Saindo, Les Claypool e Sean Ono vazaram de Lennon. Os amigos e colaboradores musicais de longa data estavam tirando uma folga do estúdio para trabalhar em seu novo álbum. O Grande Boi-Papagaio e o Ovo de Ouro da Compaixão (lançado hoje) e começaram a encher seus barcos com água. Mas essa é a diversão da vida, certo? aventura.

“Foi um pouco assustador”, disse Claypool ao American Songwriter. “Shiner (seu apelido para Lennon) não tinha ideia do que estava acontecendo.”

“Coronel (apelido de Lennon para Claypool), quase nos afogamos!” Lennon disse.

“Quase fomos para o fundo do oceano”, acrescentou Claypool.

Felizmente, eles descobriram uma maneira de estancar o vazamento (tinha algo a ver com o eixo da hélice). Mas essa experiência de quase imersão não foi nada comparada ao esforço que a dupla colocou em seu novo álbum conceitual de 14 faixas.
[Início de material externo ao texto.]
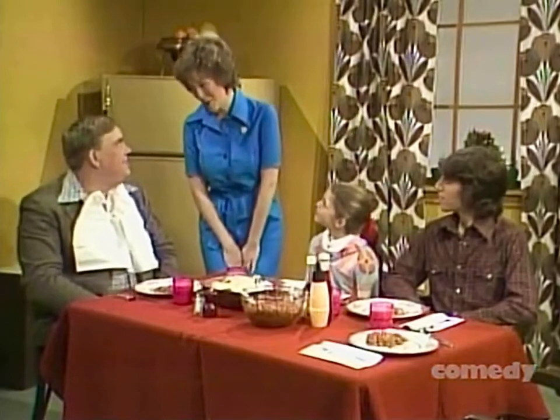Honey, today I'm going to skin your wiener. Skin my wiener? Sure, with the new Ronco Wiener Skinner.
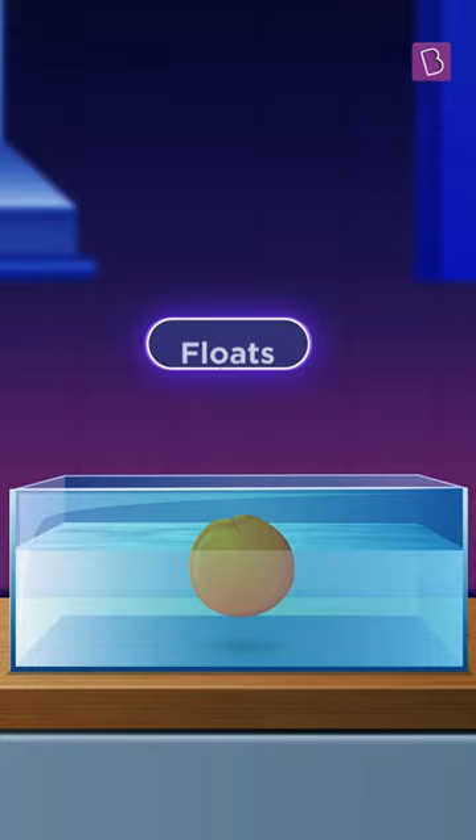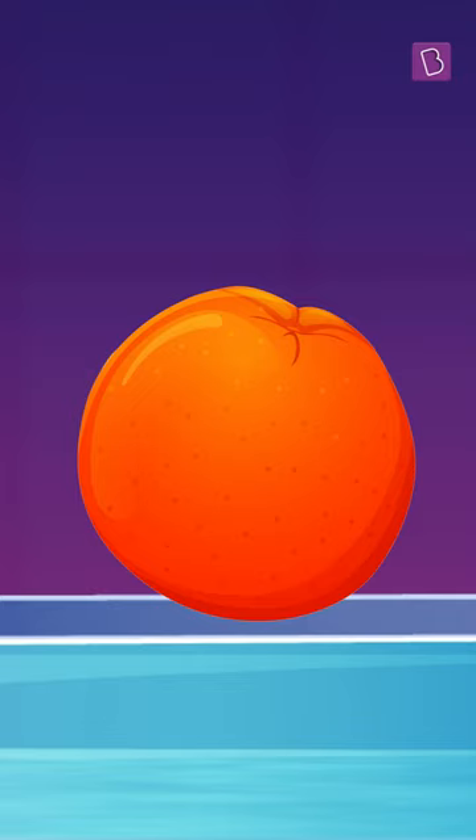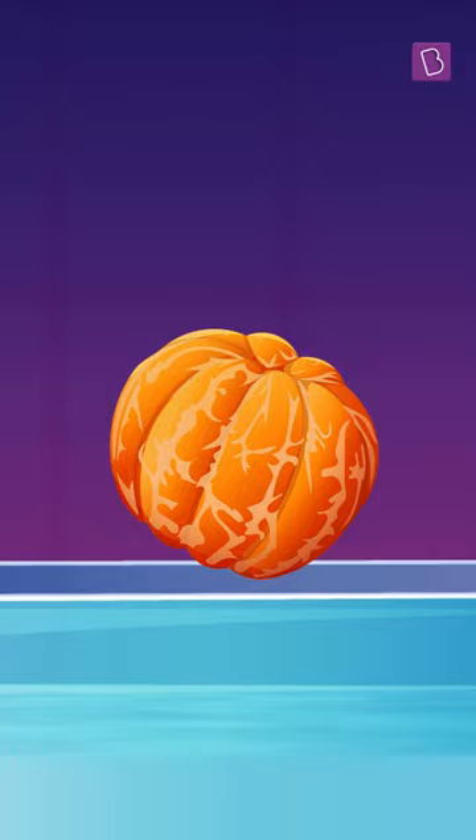So it floats. That's how life jackets keep people afloat too. But when we remove the peel, this extra volume is gone and the orange is denser than before. And so it slowly sinks to the bottom.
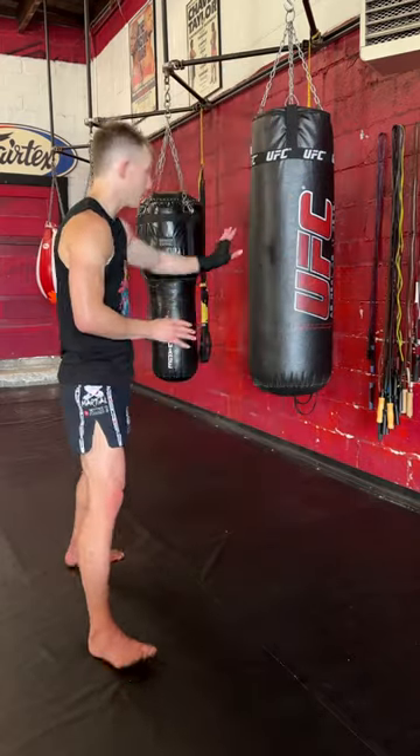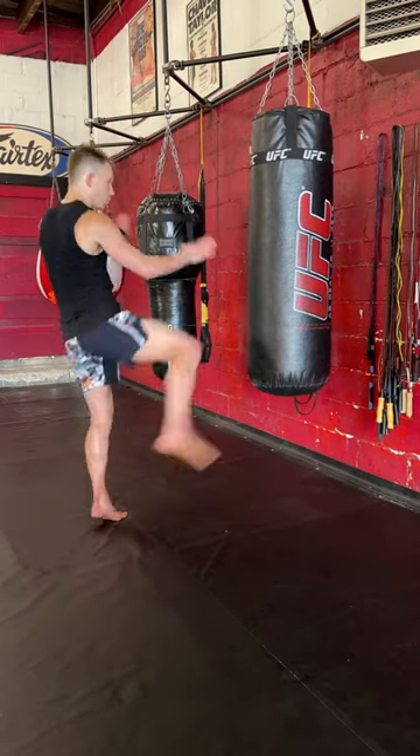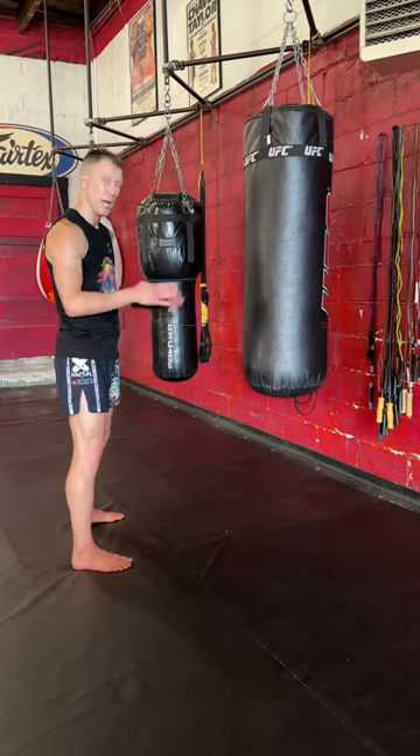You want to sit up in front of the bag, get about that range. Once you do your first kick, you drop parallel and you just work alternating.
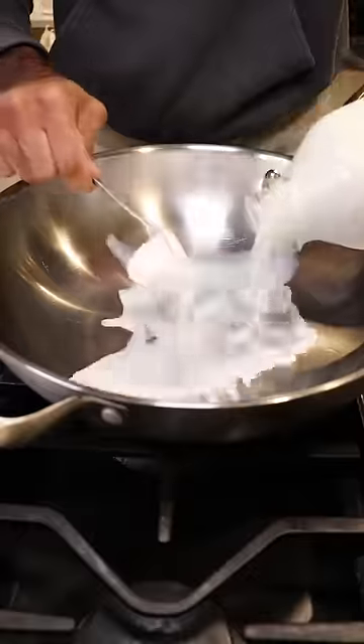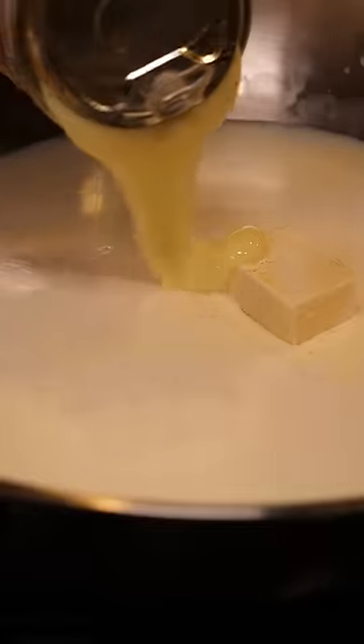In a large pan, you can add some whole milk, heavy cream, milk solids, and sweetened condensed milk.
“Foi o disco mais difícil que já fiz”, admite Claypool. “Depois de decidir que vai fazer uma narrativa, você define os parâmetros.”

O incrível novo disco desta dupla é o jovem Hepard O. Campus conta a história de Junior, que está se rebelando contra seu pai e o movimento tecnológico geral. Mas o álbum não é uma diatribe contra computadores ou IA, diz Lennon. Em vez disso, é um apelo à compaixão.

“Nunca tínhamos nos sentado para escrever uma história juntos antes”, explica Lennon. “Mas nos sentamos para escrever uma história do zero. É um tipo diferente de coisa.”

Embora alguns possam ler o novo álbum como um decreto em branco contra a IA, diz Lennon, há mais do que isso.

“Muitas pessoas dizem que estamos preocupados com o despertar e a conscientização da IA”, diz ele. “Estou mais preocupado com isso não Não ser capaz de acordar e ter sentimentos humanos. Esta máquina fria e indiferente que pode transformar o mundo num clipe de papel.”

Lennon acrescentou: “Para mim, o tema (do álbum) é mais sobre a decadência e a humilhação da empatia. É disso que se trata.”

Qualquer pessoa que conheça a música de Claypool, a música de Lennon ou a música que eles fizeram juntos sabe que cada uma é única. singular. Mas num mundo digital de rolos curtos, vídeos ininterruptos, tendências ultrarrápidas e produção pop cada vez mais refinada, ser você mesmo nem sempre é fácil.

“Vá com o que você sabe”, garante Claypool. “Acho que essa é a chave para todos os empreendimentos literários e criativos. Muitas pessoas andam na linha tênue, e é uma linha perigosa de falar mal e falar fora de seu escopo e conhecimento.”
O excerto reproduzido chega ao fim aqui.